Computing the Convex Hull

My airplane data is just a collection of geospatial points collected each day, so a good way to quantify my range would be to find a bounding shape for the points and compute the area. A bounding rectangle would be quick and easy, but inaccurate. I started thinking about algorithms to rotate a rectangle for a better fit, or recursively remove sections of it until it gave better coverage. Realizing that I was reinventing the wheel, I searched around for known solutions. A s/o answer pointed me to the gift wrapping algorithm, which builds a bounding polygon by comparing all remaining points and selecting the one that would maximize the new interior angle. It looked like it'd be fun to code up, but expensive to compute.

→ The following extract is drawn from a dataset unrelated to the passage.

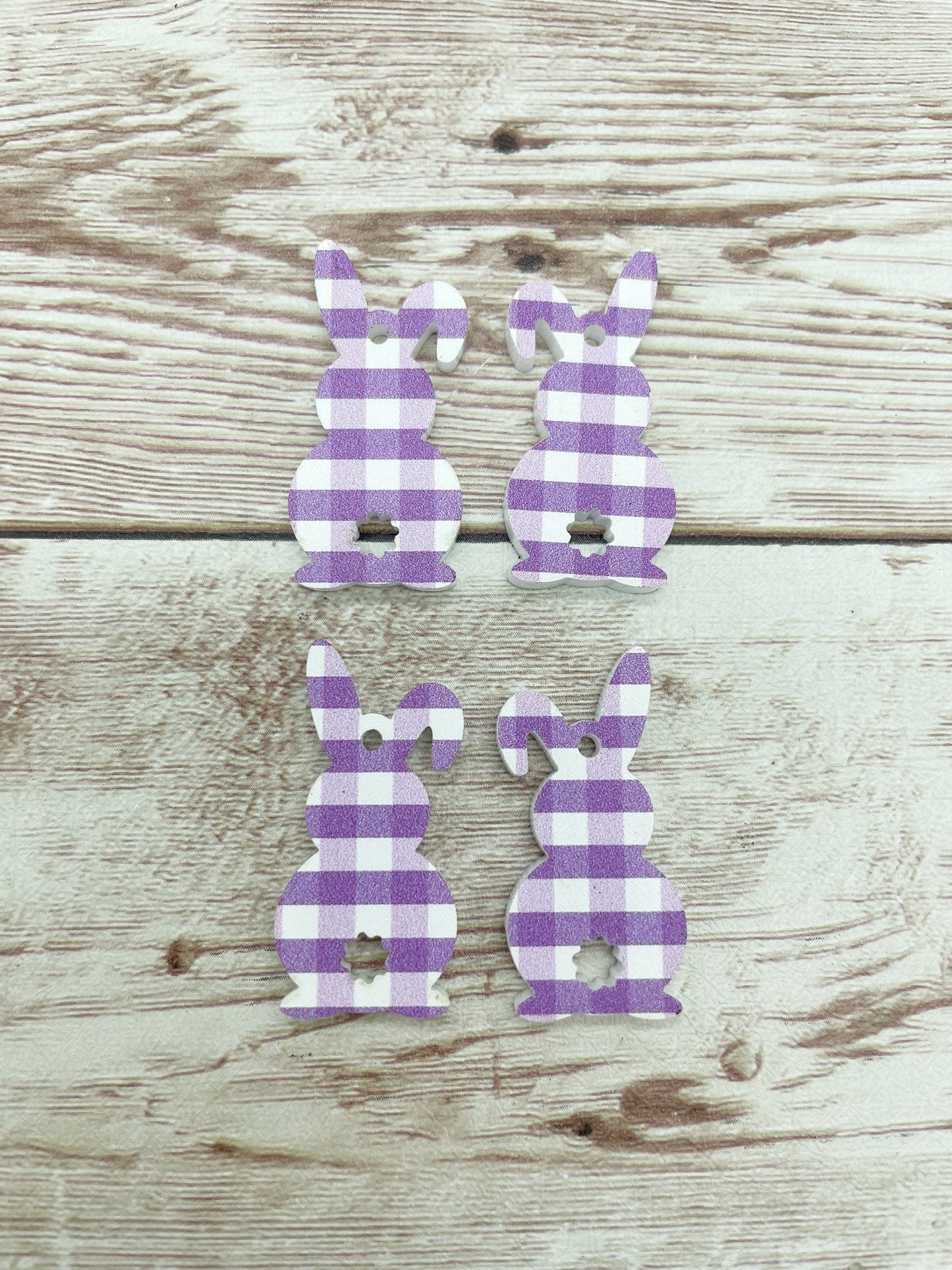 Purple Plaid Acrylic Bunny Rabbit Easter Earring Blanks, DIY Jewelry Making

I then stumbled onto a youtube video that explained how QuickHull selected the four (left,right,up,down)-most points to build two triangles, removed all the interior points, and then selected points that would add the largest triangle to the polygon (or remove the most points). I was looking forward to coding this up, but once again, I wondered what was already available. Naturally, you can already do this in python: SciPy's Spatial library has ConvexHull. It's as easy as:

from scipy.spatial import ConvexHull
import matplotlib.pyplot as plt

# Do something to get some 2D points

# Let Convex hull do the work
cv = ConvexHull(pts)

#cv.vertices has the bounding polygon

print("%f\n" % cv.area) # Get some stats

Sigh.. Python's great, but it sure does take the fun out of everything.

Generating Plots

There was stil a good bit of other cleanup and map stuff I had to do to start making reasonable pictures. First, I had to throw out some bad data. I still get a lot of bad points, most likely because of transmission errors (or misconfigured transmitters?). I filtered everything out that's outside of a reasonable range (though this was tighter than it needed to be). The number of bad points in any day was 1.2% of the observed points (50% of the days had less than 0.01% bad data). For plotting I had to load in Basemap and do all the normal merc projection stuff. For something so fundamental, this always seems to take a lot longer than it should. In any case, the pictures look good when you finish.